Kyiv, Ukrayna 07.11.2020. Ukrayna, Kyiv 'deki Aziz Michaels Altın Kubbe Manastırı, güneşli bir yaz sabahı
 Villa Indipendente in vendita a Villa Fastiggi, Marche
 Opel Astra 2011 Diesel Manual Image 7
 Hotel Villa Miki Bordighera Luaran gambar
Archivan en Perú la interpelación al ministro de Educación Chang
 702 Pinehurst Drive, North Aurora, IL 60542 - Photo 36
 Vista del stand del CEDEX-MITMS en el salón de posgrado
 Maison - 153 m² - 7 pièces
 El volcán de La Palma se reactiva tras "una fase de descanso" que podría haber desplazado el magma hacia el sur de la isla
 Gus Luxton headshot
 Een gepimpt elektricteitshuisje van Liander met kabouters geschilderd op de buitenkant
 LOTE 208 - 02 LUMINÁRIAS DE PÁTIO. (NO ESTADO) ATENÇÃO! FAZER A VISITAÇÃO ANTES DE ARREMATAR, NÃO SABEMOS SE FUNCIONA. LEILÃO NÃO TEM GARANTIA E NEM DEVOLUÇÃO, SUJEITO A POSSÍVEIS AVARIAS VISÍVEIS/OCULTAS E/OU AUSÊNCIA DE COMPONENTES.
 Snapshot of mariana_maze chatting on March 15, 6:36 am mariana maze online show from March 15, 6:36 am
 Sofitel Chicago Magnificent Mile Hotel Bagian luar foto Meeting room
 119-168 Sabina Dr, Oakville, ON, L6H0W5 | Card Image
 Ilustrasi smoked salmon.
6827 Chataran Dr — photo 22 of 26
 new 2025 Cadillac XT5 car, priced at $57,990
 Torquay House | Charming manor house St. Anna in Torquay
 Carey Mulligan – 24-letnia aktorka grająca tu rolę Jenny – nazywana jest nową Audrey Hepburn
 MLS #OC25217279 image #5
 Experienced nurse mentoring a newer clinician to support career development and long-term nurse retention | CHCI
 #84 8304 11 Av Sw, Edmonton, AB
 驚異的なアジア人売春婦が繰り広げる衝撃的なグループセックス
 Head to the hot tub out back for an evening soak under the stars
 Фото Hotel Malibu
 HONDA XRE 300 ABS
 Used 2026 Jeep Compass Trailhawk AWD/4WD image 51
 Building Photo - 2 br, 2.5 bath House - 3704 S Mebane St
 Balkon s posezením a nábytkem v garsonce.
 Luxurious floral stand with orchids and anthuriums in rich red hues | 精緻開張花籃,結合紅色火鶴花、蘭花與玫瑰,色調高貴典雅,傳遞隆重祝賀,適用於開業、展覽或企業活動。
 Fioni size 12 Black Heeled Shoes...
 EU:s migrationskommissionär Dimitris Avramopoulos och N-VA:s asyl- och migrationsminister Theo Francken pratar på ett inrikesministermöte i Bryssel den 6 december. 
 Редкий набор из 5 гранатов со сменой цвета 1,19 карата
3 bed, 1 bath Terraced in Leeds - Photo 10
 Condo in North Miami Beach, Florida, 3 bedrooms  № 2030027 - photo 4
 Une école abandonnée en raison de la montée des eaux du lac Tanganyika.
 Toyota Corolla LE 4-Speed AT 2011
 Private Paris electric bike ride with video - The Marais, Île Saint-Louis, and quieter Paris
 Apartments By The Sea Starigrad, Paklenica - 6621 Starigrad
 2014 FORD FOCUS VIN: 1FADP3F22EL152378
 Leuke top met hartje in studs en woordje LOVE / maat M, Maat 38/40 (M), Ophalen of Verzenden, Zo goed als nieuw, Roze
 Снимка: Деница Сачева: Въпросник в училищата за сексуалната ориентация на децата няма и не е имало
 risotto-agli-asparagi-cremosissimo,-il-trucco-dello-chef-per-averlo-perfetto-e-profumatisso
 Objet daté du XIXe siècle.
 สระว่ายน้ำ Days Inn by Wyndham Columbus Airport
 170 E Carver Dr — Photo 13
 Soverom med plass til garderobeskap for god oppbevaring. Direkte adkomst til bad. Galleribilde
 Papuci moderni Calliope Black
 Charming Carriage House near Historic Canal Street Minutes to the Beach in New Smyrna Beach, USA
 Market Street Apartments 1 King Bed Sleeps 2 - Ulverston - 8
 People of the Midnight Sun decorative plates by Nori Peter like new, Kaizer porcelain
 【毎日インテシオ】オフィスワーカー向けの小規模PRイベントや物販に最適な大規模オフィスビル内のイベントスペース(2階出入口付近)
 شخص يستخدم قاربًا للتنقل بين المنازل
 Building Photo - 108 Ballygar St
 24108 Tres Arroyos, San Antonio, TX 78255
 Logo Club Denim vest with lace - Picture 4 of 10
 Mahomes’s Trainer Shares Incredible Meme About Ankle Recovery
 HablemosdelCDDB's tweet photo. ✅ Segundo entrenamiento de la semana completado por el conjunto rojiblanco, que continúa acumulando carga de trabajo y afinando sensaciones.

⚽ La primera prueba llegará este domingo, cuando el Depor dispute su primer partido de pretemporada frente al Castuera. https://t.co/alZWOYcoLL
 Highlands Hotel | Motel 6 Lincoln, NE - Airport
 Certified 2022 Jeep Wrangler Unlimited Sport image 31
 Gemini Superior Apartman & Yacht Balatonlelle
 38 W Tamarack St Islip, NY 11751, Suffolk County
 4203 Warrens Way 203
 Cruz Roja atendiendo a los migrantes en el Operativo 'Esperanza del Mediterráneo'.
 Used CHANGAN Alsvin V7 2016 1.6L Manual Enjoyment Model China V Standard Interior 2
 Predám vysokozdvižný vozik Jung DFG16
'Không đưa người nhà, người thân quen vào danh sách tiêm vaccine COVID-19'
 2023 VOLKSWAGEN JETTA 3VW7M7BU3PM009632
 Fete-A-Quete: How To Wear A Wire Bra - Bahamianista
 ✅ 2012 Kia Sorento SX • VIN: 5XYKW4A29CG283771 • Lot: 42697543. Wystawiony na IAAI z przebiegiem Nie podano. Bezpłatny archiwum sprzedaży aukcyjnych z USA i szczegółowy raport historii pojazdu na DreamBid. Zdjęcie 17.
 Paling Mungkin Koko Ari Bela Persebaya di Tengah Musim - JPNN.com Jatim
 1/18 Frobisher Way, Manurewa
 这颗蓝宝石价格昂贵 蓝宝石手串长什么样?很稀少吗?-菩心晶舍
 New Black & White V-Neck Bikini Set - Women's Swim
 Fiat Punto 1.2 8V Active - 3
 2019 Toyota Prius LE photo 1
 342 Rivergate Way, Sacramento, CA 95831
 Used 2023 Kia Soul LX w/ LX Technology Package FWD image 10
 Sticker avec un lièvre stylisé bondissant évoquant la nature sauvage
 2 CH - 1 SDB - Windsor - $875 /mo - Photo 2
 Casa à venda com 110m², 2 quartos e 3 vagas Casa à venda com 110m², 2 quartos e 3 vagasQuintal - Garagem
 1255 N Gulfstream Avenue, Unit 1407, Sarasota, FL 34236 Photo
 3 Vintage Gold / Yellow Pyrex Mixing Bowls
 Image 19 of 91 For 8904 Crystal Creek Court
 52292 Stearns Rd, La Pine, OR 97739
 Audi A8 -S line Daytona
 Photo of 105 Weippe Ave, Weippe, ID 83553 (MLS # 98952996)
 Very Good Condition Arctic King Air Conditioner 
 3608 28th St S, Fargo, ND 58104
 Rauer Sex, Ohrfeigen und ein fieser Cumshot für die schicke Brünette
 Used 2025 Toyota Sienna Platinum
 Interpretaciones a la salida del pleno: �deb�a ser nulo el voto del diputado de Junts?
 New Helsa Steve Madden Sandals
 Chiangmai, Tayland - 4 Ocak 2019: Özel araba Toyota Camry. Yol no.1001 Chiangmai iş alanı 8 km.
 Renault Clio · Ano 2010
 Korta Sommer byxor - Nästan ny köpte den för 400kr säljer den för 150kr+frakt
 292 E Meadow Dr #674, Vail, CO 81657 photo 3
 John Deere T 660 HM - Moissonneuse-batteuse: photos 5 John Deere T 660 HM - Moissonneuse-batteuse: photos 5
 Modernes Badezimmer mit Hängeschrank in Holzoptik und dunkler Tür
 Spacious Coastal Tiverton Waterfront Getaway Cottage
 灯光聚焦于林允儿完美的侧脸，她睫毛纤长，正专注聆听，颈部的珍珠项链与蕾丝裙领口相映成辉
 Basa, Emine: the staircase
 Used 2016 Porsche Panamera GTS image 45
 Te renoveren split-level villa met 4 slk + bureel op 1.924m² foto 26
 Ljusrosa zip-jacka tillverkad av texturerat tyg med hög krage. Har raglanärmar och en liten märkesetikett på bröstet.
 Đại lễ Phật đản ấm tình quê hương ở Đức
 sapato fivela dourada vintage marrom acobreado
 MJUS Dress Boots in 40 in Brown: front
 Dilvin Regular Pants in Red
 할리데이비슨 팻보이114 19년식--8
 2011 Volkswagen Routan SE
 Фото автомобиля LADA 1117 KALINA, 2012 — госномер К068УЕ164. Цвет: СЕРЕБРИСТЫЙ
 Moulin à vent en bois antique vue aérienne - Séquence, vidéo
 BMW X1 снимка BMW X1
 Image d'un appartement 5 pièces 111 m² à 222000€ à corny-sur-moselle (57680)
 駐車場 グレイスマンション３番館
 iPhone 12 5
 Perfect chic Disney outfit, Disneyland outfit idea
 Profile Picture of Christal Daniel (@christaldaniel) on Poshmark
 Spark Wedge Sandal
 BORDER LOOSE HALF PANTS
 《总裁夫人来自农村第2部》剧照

☆ ☆ ☆ ☆

▶ **What to produce**
Among the entries above, find the line with "Une école abandonnée" and the line with "HablemosdelCDDB's tweet photo."; give again exactly these two lines and all lines between them.

▶ **Response area**
 Une école abandonnée en raison de la montée des eaux du lac Tanganyika.
 Toyota Corolla LE 4-Speed AT 2011
 Private Paris electric bike ride with video - The Marais, Île Saint-Louis, and quieter Paris
 Apartments By The Sea Starigrad, Paklenica - 6621 Starigrad
 2014 FORD FOCUS VIN: 1FADP3F22EL152378
 Leuke top met hartje in studs en woordje LOVE / maat M, Maat 38/40 (M), Ophalen of Verzenden, Zo goed als nieuw, Roze
 Снимка: Деница Сачева: Въпросник в училищата за сексуалната ориентация на децата няма и не е имало
 risotto-agli-asparagi-cremosissimo,-il-trucco-dello-chef-per-averlo-perfetto-e-profumatisso
 Objet daté du XIXe siècle.
 สระว่ายน้ำ Days Inn by Wyndham Columbus Airport
 170 E Carver Dr — Photo 13
 Soverom med plass til garderobeskap for god oppbevaring. Direkte adkomst til bad. Galleribilde
 Papuci moderni Calliope Black
 Charming Carriage House near Historic Canal Street Minutes to the Beach in New Smyrna Beach, USA
 Market Street Apartments 1 King Bed Sleeps 2 - Ulverston - 8
 People of the Midnight Sun decorative plates by Nori Peter like new, Kaizer porcelain
 【毎日インテシオ】オフィスワーカー向けの小規模PRイベントや物販に最適な大規模オフィスビル内のイベントスペース(2階出入口付近)
 شخص يستخدم قاربًا للتنقل بين المنازل
 Building Photo - 108 Ballygar St
 24108 Tres Arroyos, San Antonio, TX 78255
 Logo Club Denim vest with lace - Picture 4 of 10
 Mahomes’s Trainer Shares Incredible Meme About Ankle Recovery
 HablemosdelCDDB's tweet photo. ✅ Segundo entrenamiento de la semana completado por el conjunto rojiblanco, que continúa acumulando carga de trabajo y afinando sensaciones.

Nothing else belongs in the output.